# [ABOUT THIS TASK]
Please give back the listing below word for word and drop any images.

# [DATASET CONTENT]
Segment Open
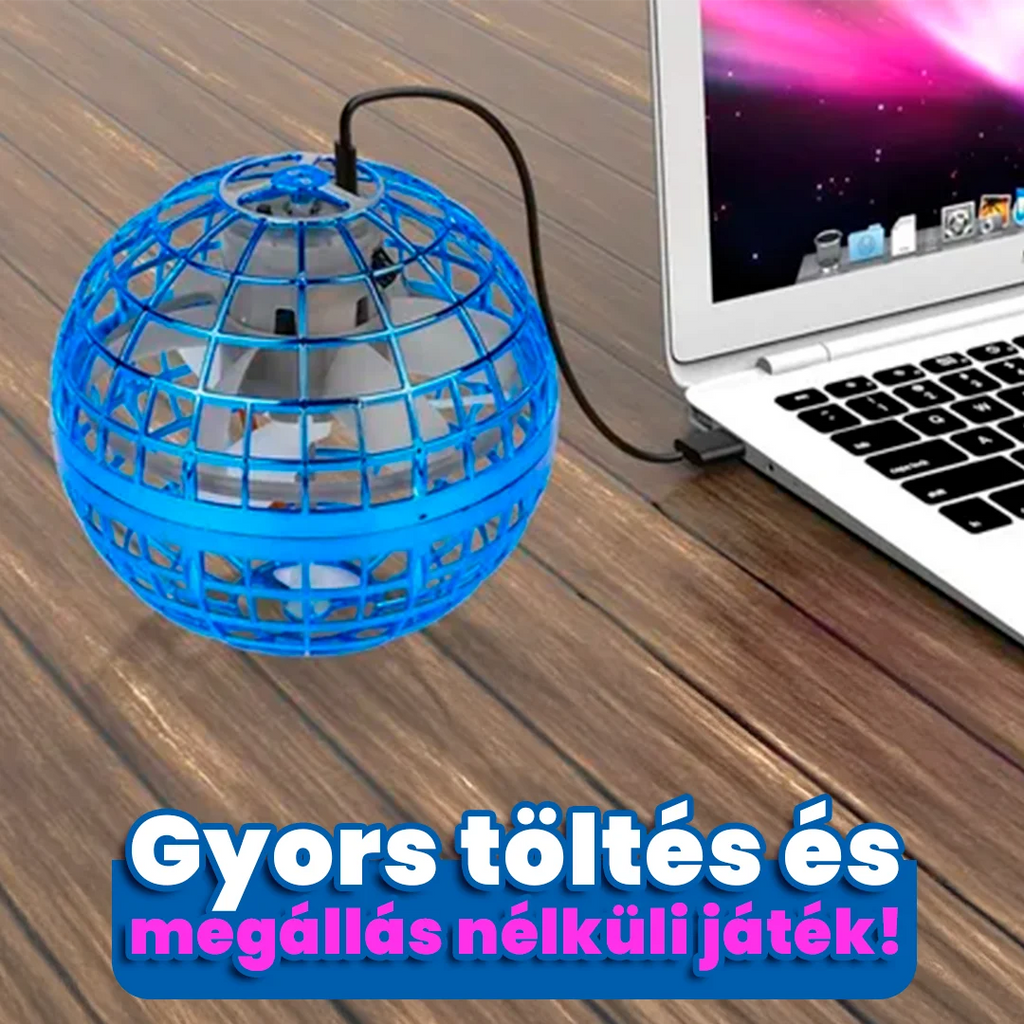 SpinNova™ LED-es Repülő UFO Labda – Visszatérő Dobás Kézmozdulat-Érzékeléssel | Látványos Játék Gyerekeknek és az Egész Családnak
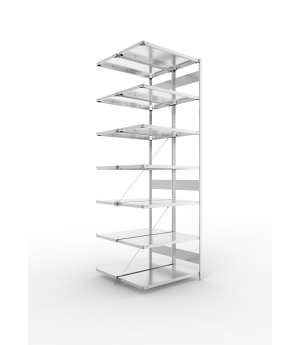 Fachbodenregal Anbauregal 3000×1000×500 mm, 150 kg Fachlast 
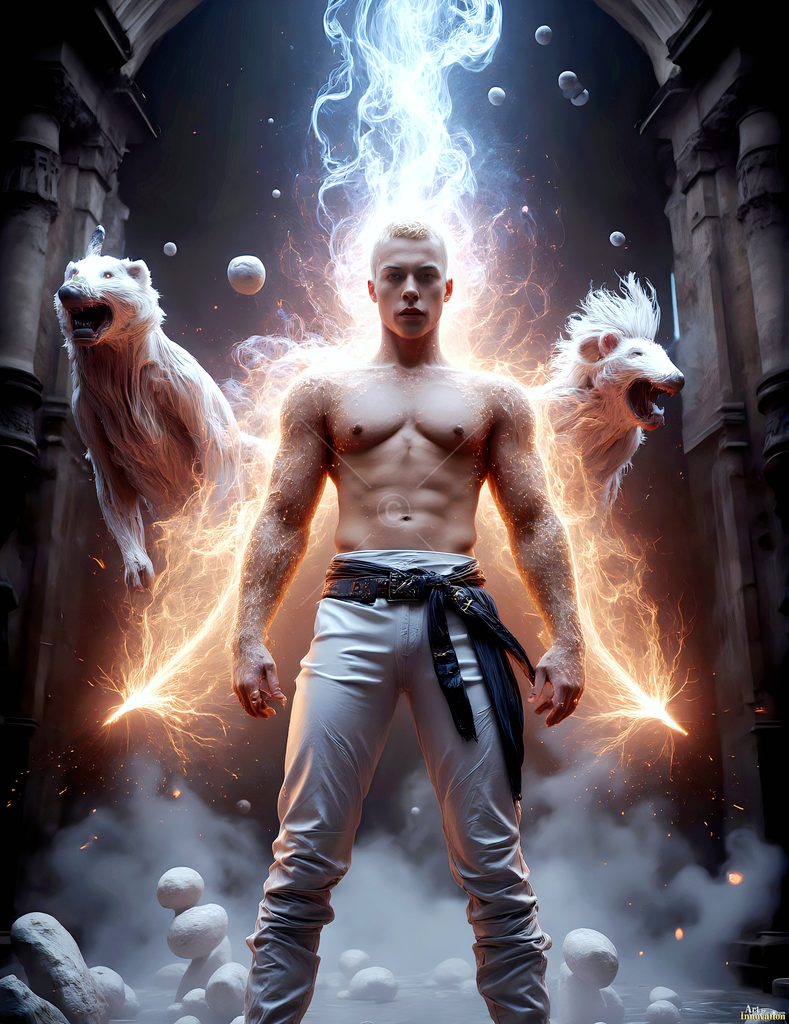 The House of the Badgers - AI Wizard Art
Segment Closed
# [EXERCISE RESPONSE]
 SpinNova™ LED-es Repülő UFO Labda – Visszatérő Dobás Kézmozdulat-Érzékeléssel | Látványos Játék Gyerekeknek és az Egész Családnak
 Fachbodenregal Anbauregal 3000×1000×500 mm, 150 kg Fachlast 
 The House of the Badgers - AI Wizard Art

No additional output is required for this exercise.